Kecaman dan Seruan dari LSM SITI JENAR:
Peristiwa ini menuai kecaman keras dari berbagai kalangan, termasuk LSM SITI JENAR, yang selama ini dikenal sebagai lembaga masyarakat sipil pengawal isu-isu demokrasi dan HAM di Situbondo. Ketua Umum LSM SITI JENAR, Eko Febriyanto, mengecam keras tindakan kekerasan yang dialami oleh jurnalis Humaidi dan menyebutnya sebagai bentuk nyata pelanggaran terhadap kemerdekaan pers.
“Ini bukan sekadar insiden biasa. Ini adalah bentuk nyata dari tindakan menghalang-halangi kerja jurnalistik yang dilindungi secara hukum oleh UU No. 40 Tahun 1999 tentang Pers, serta bertentangan dengan UU No. 39 Tahun 1999 tentang HAM, UU No. 12 Tahun 2005 tentang Konvensi Hak Sipil dan Politik, dan juga melanggar prinsip Perkap No. 8 Tahun 2009 tentang Implementasi HAM di lingkungan Kepolisian Republik Indonesia,” tegas Eko.

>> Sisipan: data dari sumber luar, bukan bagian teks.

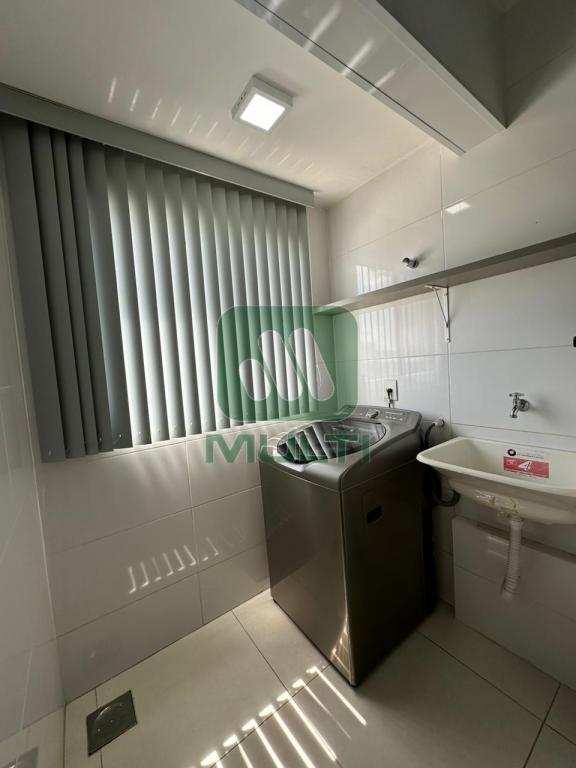 Apartamento à venda com 3 quartos, 89m² - Foto 6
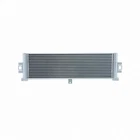 Engine Oil Cooler For Bmw M4 X4 EOC010031 New. Price: $104.71.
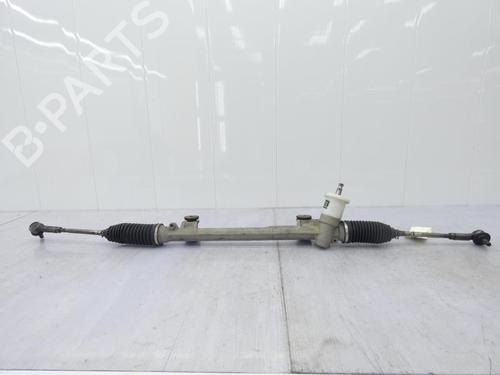 Steering rack NISSAN PIXO (UA0) 1.0 | BP23700297M22  - Image 5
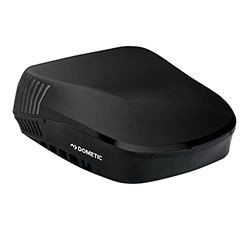 Picture of Dometic 3316311012 A/c - Shroud Only - For H541916hxx1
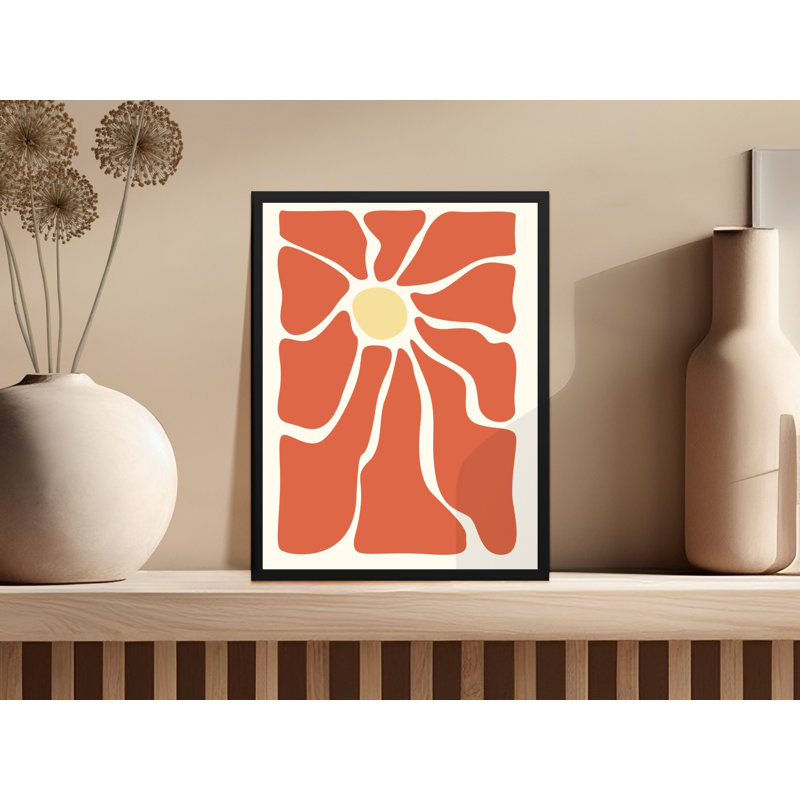 Strattford No Frame Print, 16x20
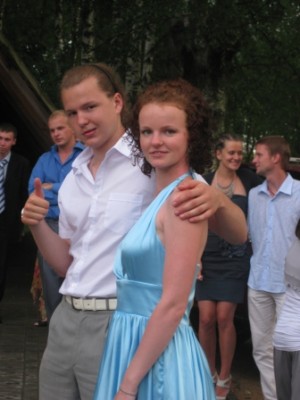 Изображение 012.jpg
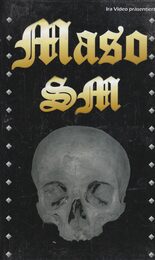 jss144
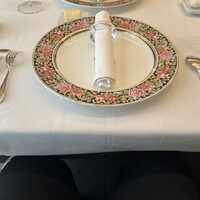 シェ モリ - 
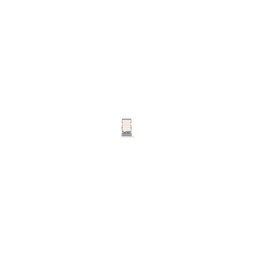 Suport Sim Samsung Galaxy S21 5G, SM G991 Argintiu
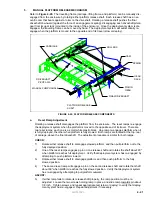 Preview for 60 page of Ricon Mirage F9T Service Manual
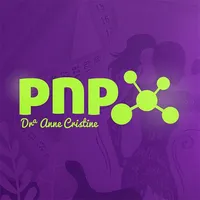 PNP - Programa Nutricional icon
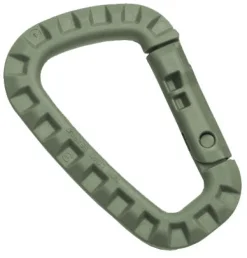 ITW Tac Link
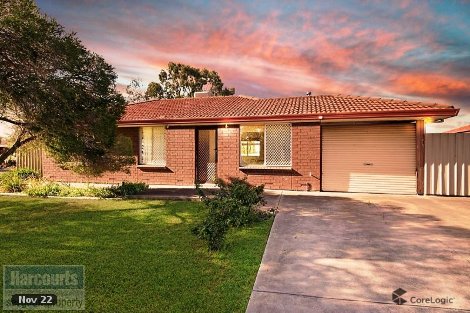 11 Dash Ave, Burton, SA 5110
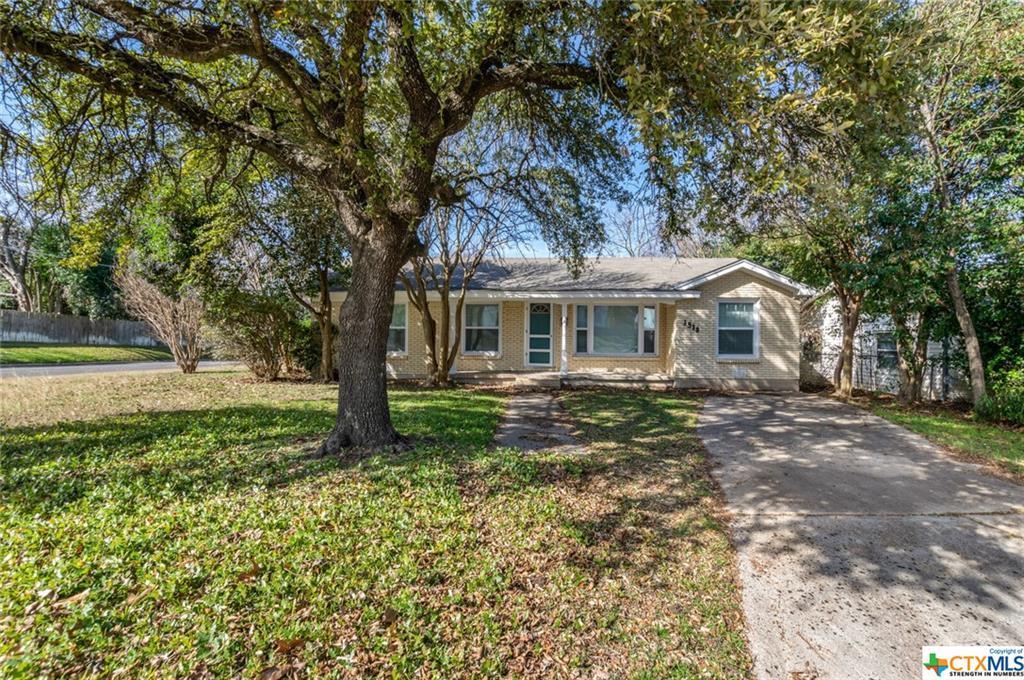 1518 S 37th St Property Photo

Menurut Eko, peristiwa ini juga menunjukkan lemahnya sistem pengamanan dan protokol pengendalian massa dari aparat penegak hukum. Ia menyayangkan tidak adanya pemisahan atau buffer antara massa aksi, pihak yang didemo, dan para jurnalis. Hal tersebut dinilainya sebagai bentuk kelalaian dalam pelaksanaan standar operasional prosedur (SOP) pengamanan aksi massa.
“Kami mendesak Polres Situbondo agar menangani kasus ini dengan profesional dan transparan. Jangan sampai kasus kekerasan terhadap wartawan ini kembali berakhir tanpa kejelasan,” tegas Eko.

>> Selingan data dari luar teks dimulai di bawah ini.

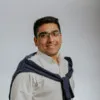 Jorge Temoche Gonzalez
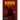 Kama Sutra Sex Guide for Couples 2021: You want to master the best sexual positions and discover new kinky ideas with your partner?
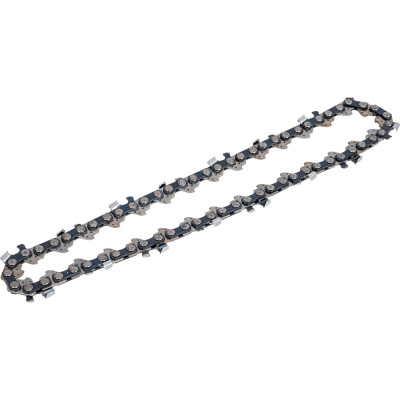 Цепь пильная 001 1/4", 1.1 мм, звенья 32, (PM3) TUSCAR 1040014-32-1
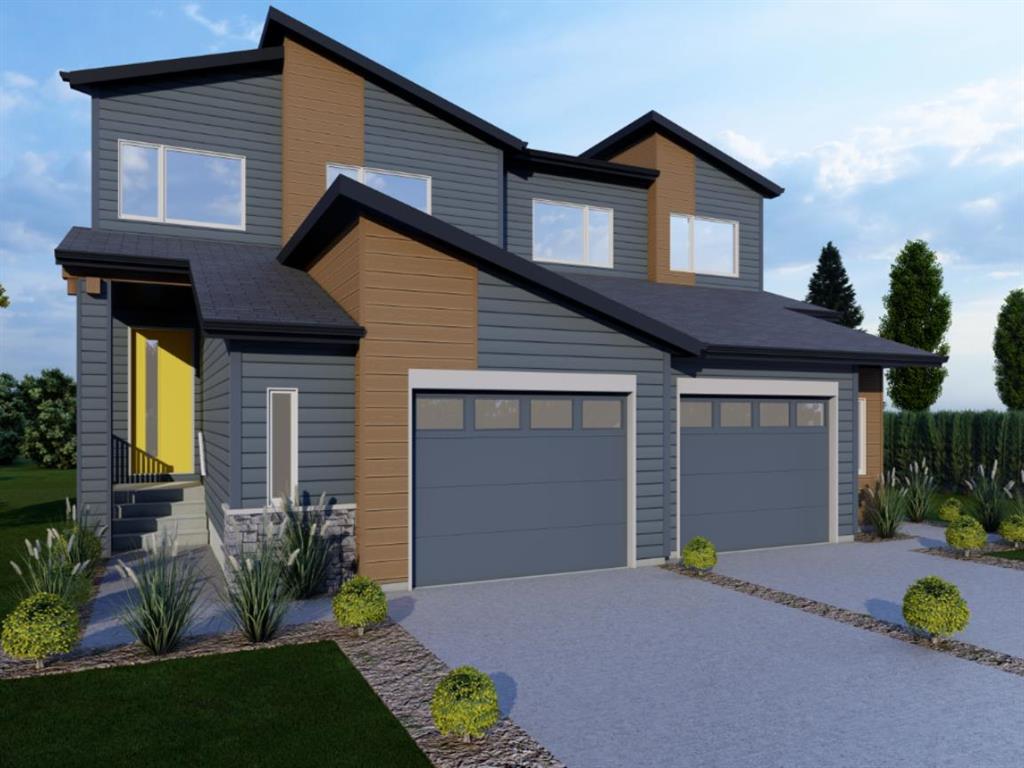 Picture for 8 Wolf Hollow Road SE  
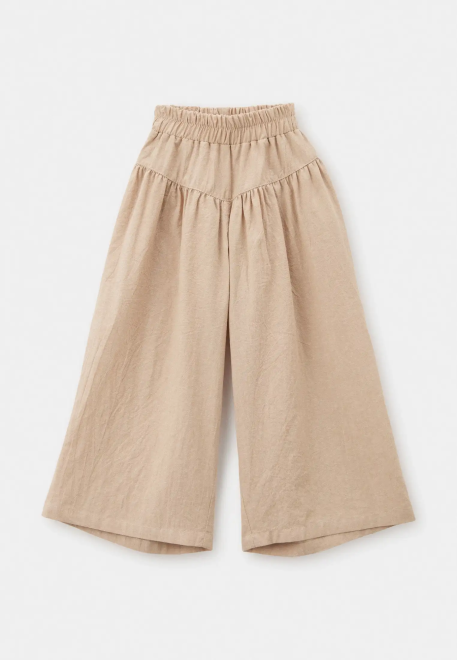 Брюки Гессен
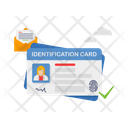 پیش‌نمایش فایل identification-5413823 از پک حراج خرید و سلامت پزشکی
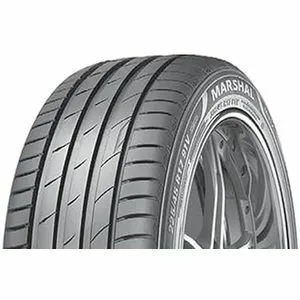 Affare Marshal MU12 255/50 ZR19 103W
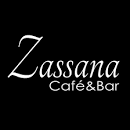 Fotografía de Zassana Café & Bar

Ia juga menambahkan,pihaknya akan terus mengawal proses hukum dan mendorong solidaritas dari komunitas jurnalis serta masyarakat sipil untuk memastikan hak-hak korban terpenuhi dan pelaku kekerasan ditindak secara adil.
Ancaman Serius bagi Kebebasan Pers;
Kasus ini menjadi cermin bahwa kekerasan terhadap jurnalis masih menjadi ancaman serius bagi kebebasan pers dan demokrasi di Indonesia, khususnya di daerah. Serangan terhadap wartawan tidak hanya menyasar individu, tetapi juga mengguncang pilar penting negara demokrasi, yaitu hak publik atas informasi.

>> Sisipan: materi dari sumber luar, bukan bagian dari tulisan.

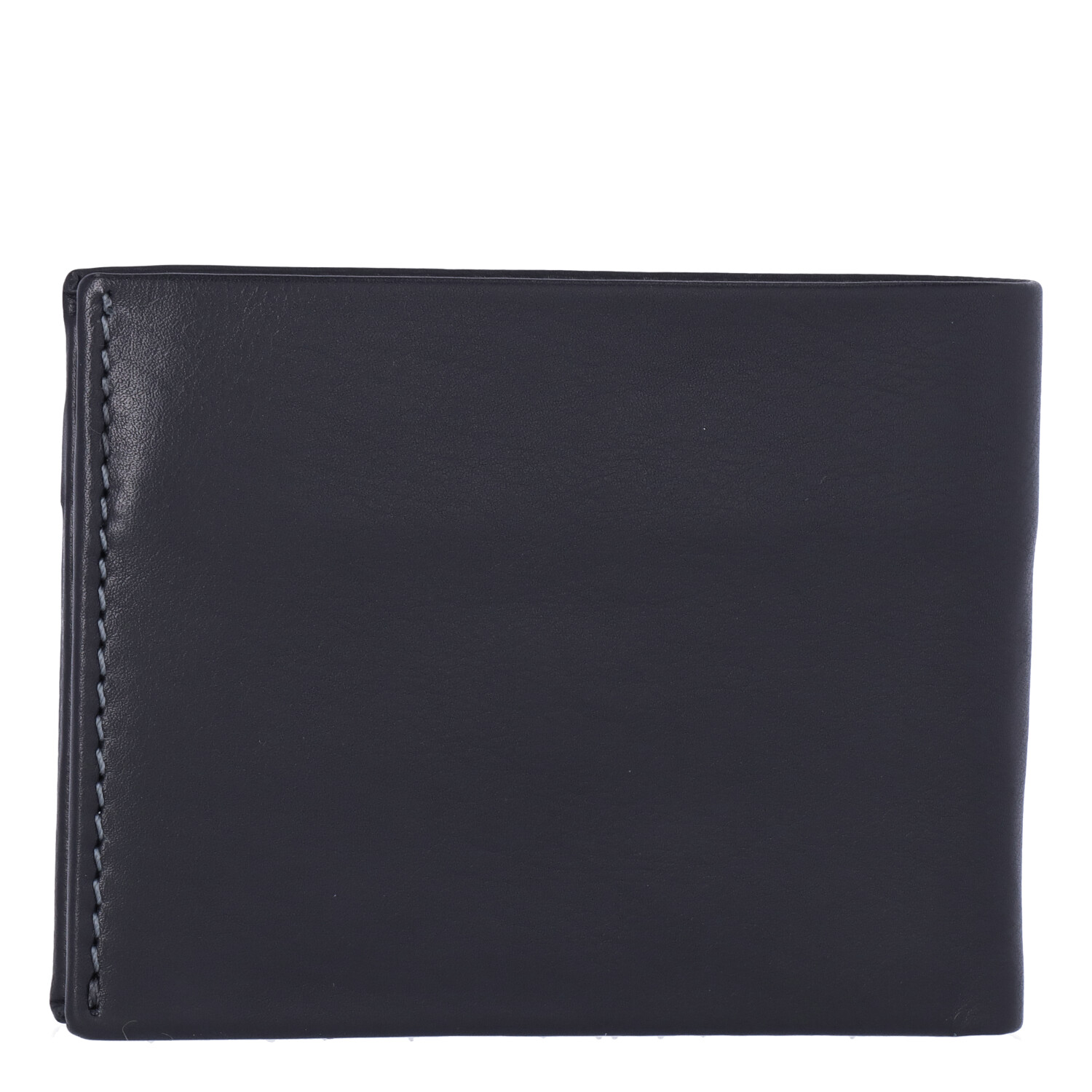 KENO-RADA-BWR-Marseille_85B002_black_2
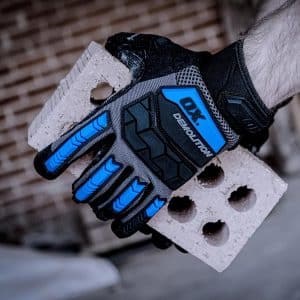 Qetyiakm専用 Shibuya Dual Click Sight Parts — Canada Archery Online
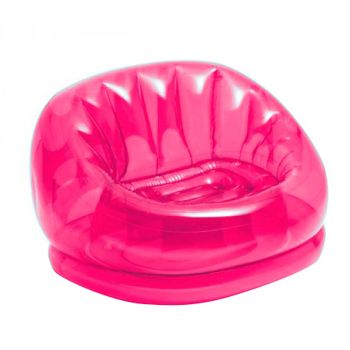 Кресло надувное Intex Cosmo Chair 68594NP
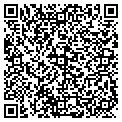 QR code with Leon Harp Architect contacts
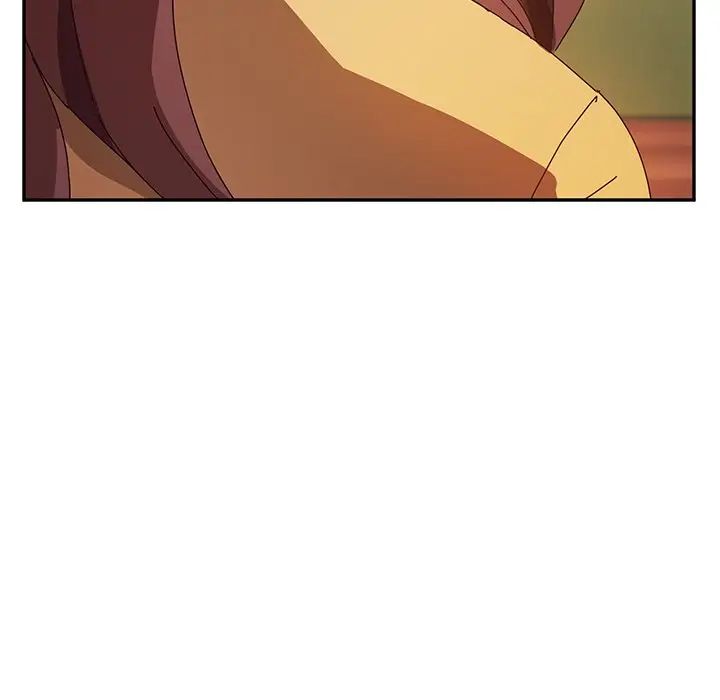 她们的恶作剧第37话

LSM SITI JENAR menyerukan kepada seluruh komunitas jurnalis, organisasi masyarakat sipil, dan elemen masyarakat lainnya untuk bersatu mengutuk segala bentuk kekerasan terhadap wartawan, dan bersama-sama mendorong penegakan hukum yang adil serta perlindungan penuh terhadap profesi jurnalis.
“Jangan anggap enteng. Ini bukan sekadar kekerasan fisik, ini adalah serangan terhadap kebebasan pers dan hak asasi manusia. Dan kami tidak akan tinggal diam,” pungkas Eko Febriyanto.

Penutup:
Kekerasan terhadap jurnalis, dalam bentuk apapun, merupakan pelanggaran serius terhadap prinsip-prinsip negara hukum dan demokrasi. Maka dari itu, penting bagi seluruh elemen bangsa untuk bersama-sama menjamin bahwa kerja-kerja jurnalistik dapat dilakukan dengan aman, independen, dan profesional, tanpa ancaman maupun intimidasi.